While there were plenty of skeptics, believers abounded. Why? Says DiMeo:
They wanted to believe. This was the 1850s — people just died all the time from diseases, minor flu and infections. Things that don’t kill us now. Their family members, their friends, their kids would die in childbirth, in accidents at work and at home, why wouldn’t they want to believe they weren’t gone? That those they lost could be found.
Soon people were holding séances like we hold dinner parties. They were putting their faith in tarot readers and mystics. Some were just scam artists, others were just wrong. They were just seeing things that weren’t there. But all of them together were changing America, in the way its people thought about death and life. And this modern spiritualism… stayed at the center of American life for decades to come.
Tracking Down Relatives, Visiting Graves Virtually
Lauren Silverman, NPR (March 15, 2010)
NPR has a nice short piece on Find A Grave, a one-man operation founded in 1995 fueled by an interest in famous persons’ graves that has become a full-on crowd-sourced enterprise for finding anybody’s headstone worldwide, famous or not. People can request photos of graves in faraway places and volunteers in the area will hunt it down, snap a shot and upload it to the site.

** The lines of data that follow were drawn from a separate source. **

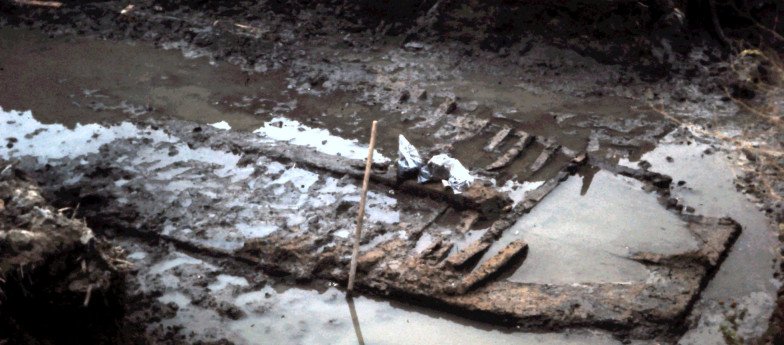 Immagine per Monfalcone ripensa al mezzo secolo dalla scoperta della barca romana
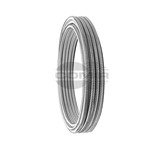 TUBO AQUARIUS AISI304 DN12-1/2 x 10M MODELLO EUR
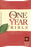 NLT2 One Year Bible-Softcover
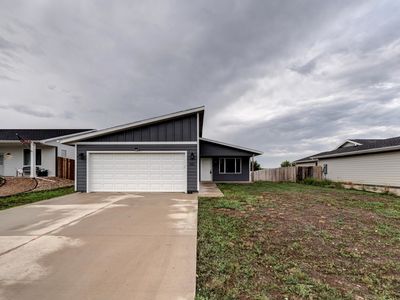 Property at 421 Nighthawk Dr, Box Elder, SD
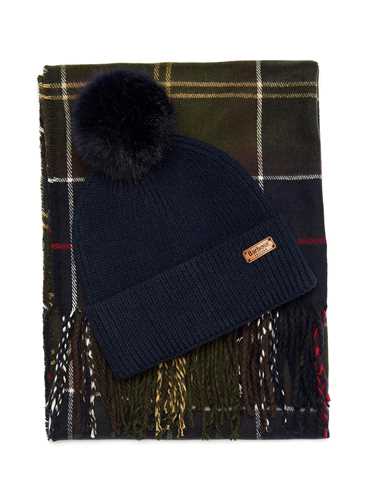 Immagine di BARBOUR | Set Regalo Donna Dover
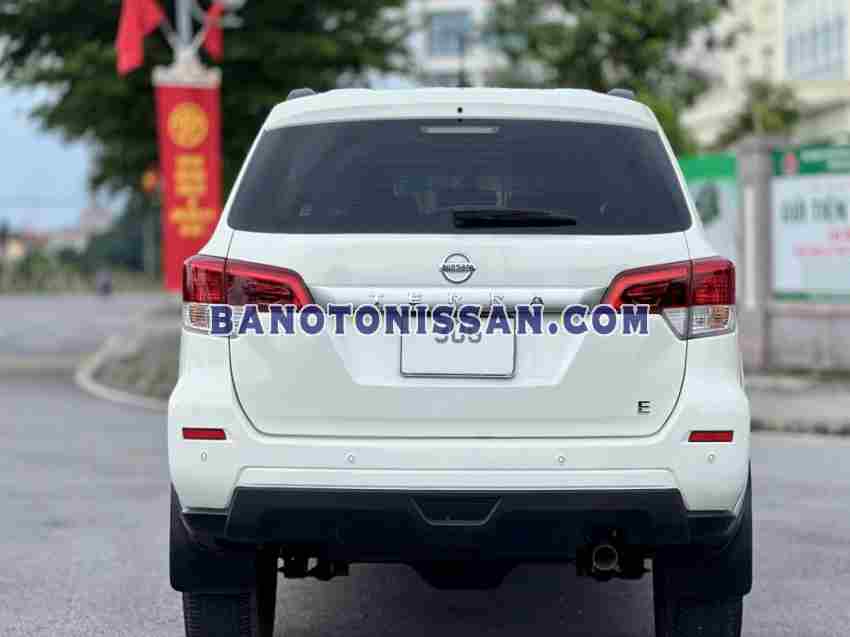 Cần bán Nissan Terra E 2.5 AT 2WD 2019 - Số tự động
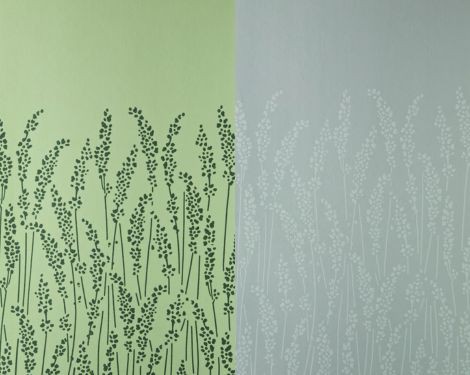 Collection Feather Grass Farrow & Ball Pessac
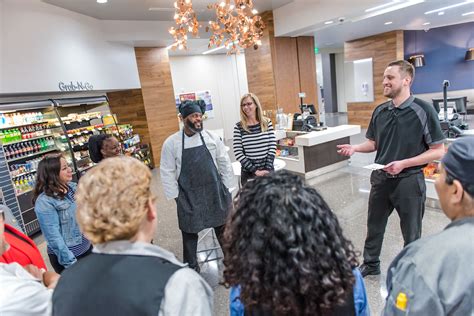 Careers Aramark.com
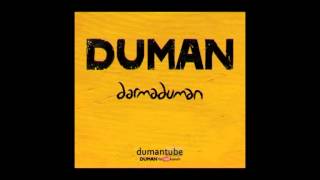 Video thumbnail of "Duman - Saldır"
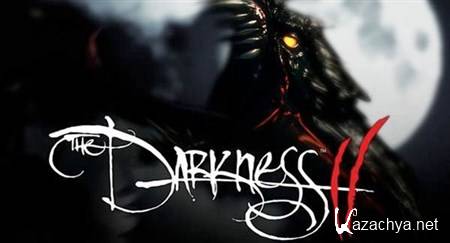 The Darkness II: Limited Edition (2012/RUS/RePack by R.G. Element Arts)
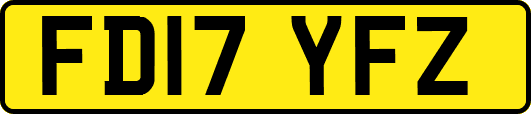 FD17YFZ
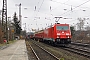 Bombardier 34149 - DB Schenker "185 286-2"
19.02.2010 - Duisburg-Wedau, Haltepunkt Entenfang
Hugo van Vondelen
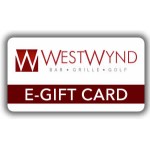 $25 E-Gift Card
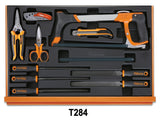 5904VU/2T-ASSORTMENT OF 104 TOOLS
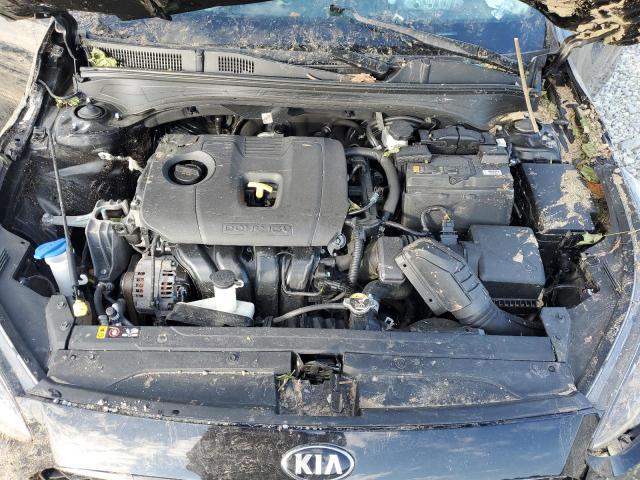 2021 KIA FORTE FE - 3KPF24AD5ME339332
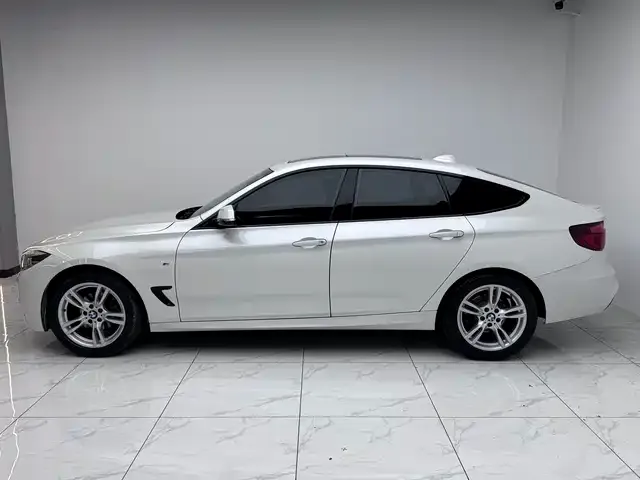 BMW 3 Series GT 2021 из CN, фото 6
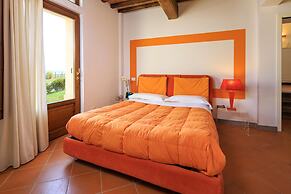 Agriturismo Streda Wine & Country Holiday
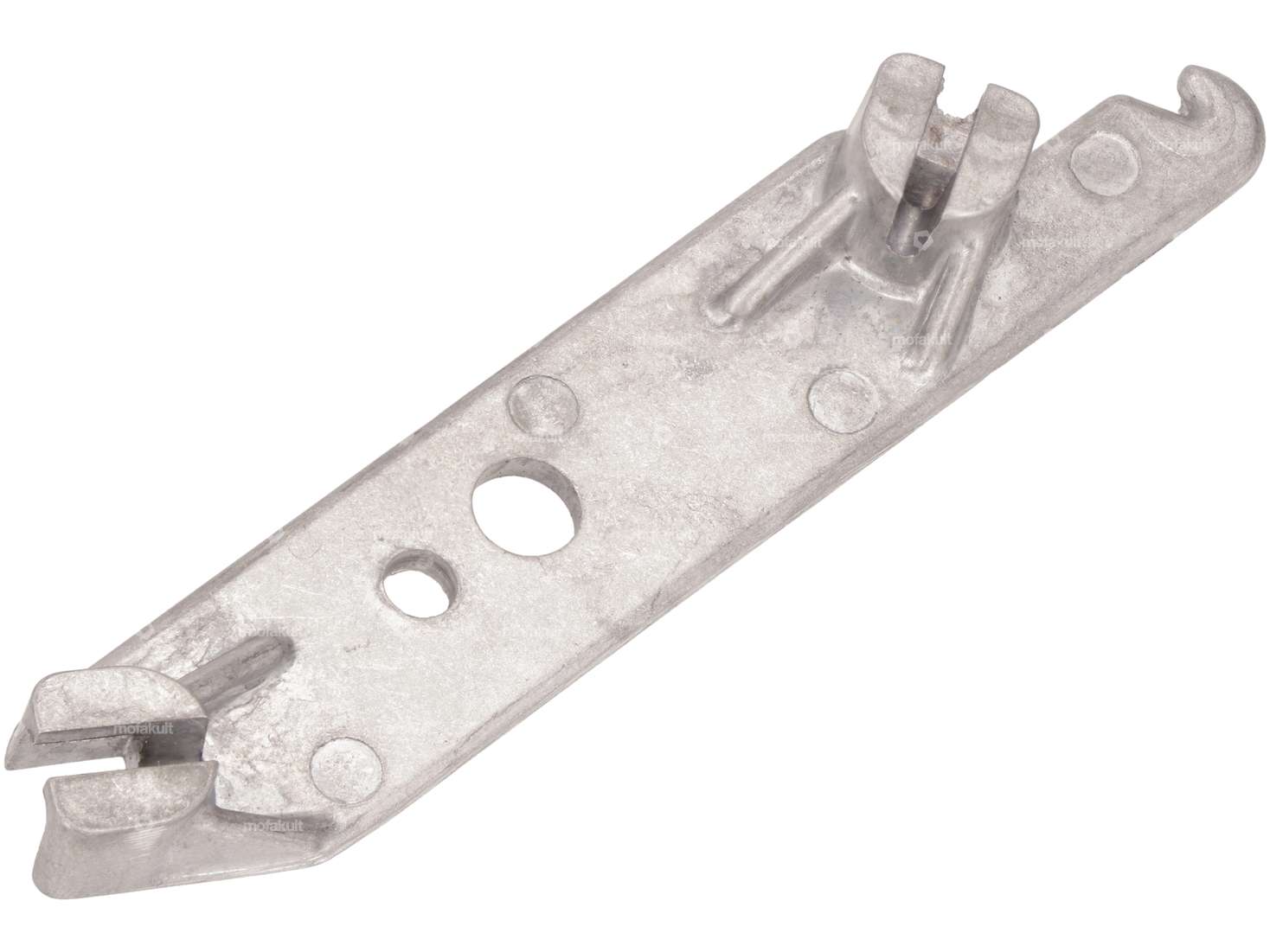 Support pour butée de carburateur Solex Carousel Image 1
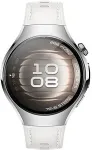 Huawei WATCH 5 3.51 cm (1.38") AMOLED 42 mm Digital 466 x 466 pixels Touchscreen Beige GPS (satellite)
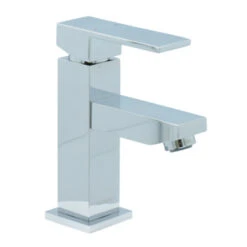 Aqualino Wastafelkraan Panaro Met Hendel En Waste Chroom 20 Aqualino Wastafelkraan Panaro Met Hendel En Waste Chroom -Pro Badkamer Verkoop 123 5206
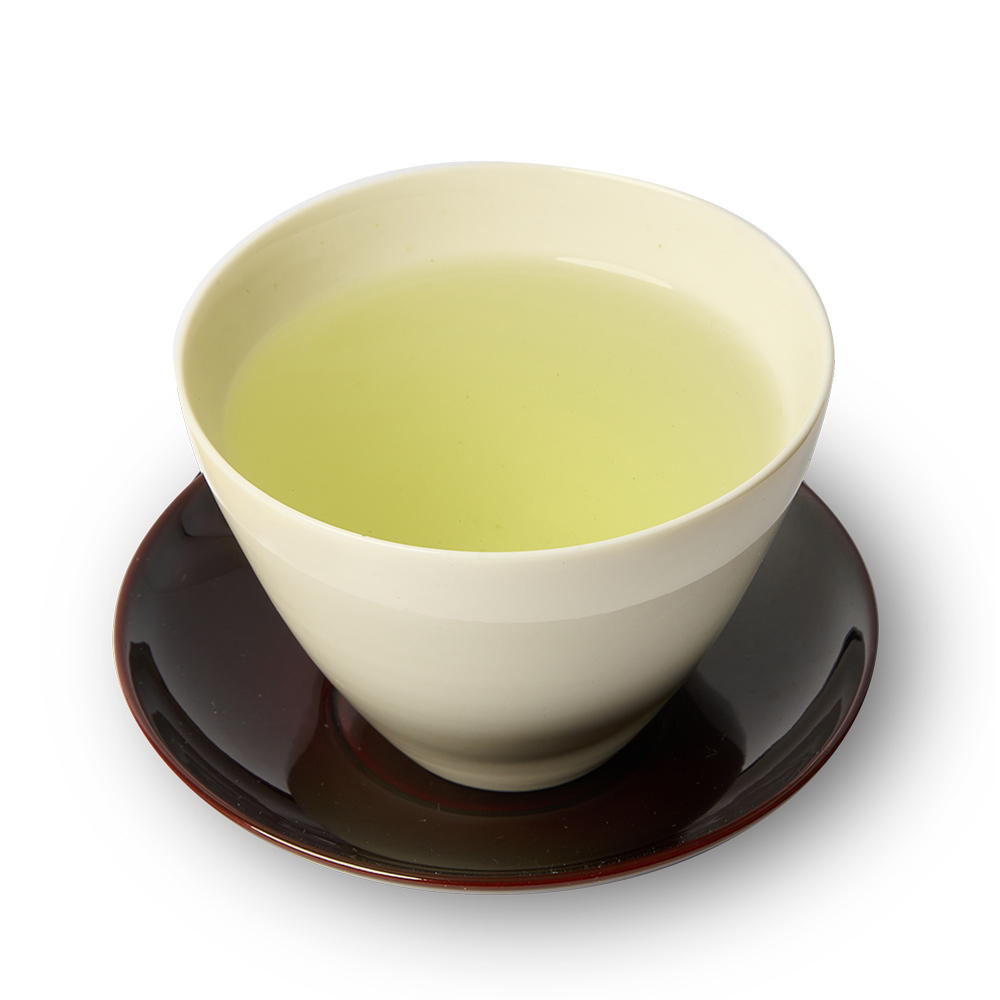 Gyokuro Tencha Usuore Sōon Organic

Lauren Silverman goes to Arlington National Cemetery with one such volunteer, Anne Cady, on behalf of Teddi Smith in Florida, who is looking for her cousin Jesse Veitch, a WWI veteran.
“There’s actually an emotional attachment that you get when you actually see the picture of the grave marker,” Smith says. “You can put that in your family tree, and they are no longer just a name and some dates.”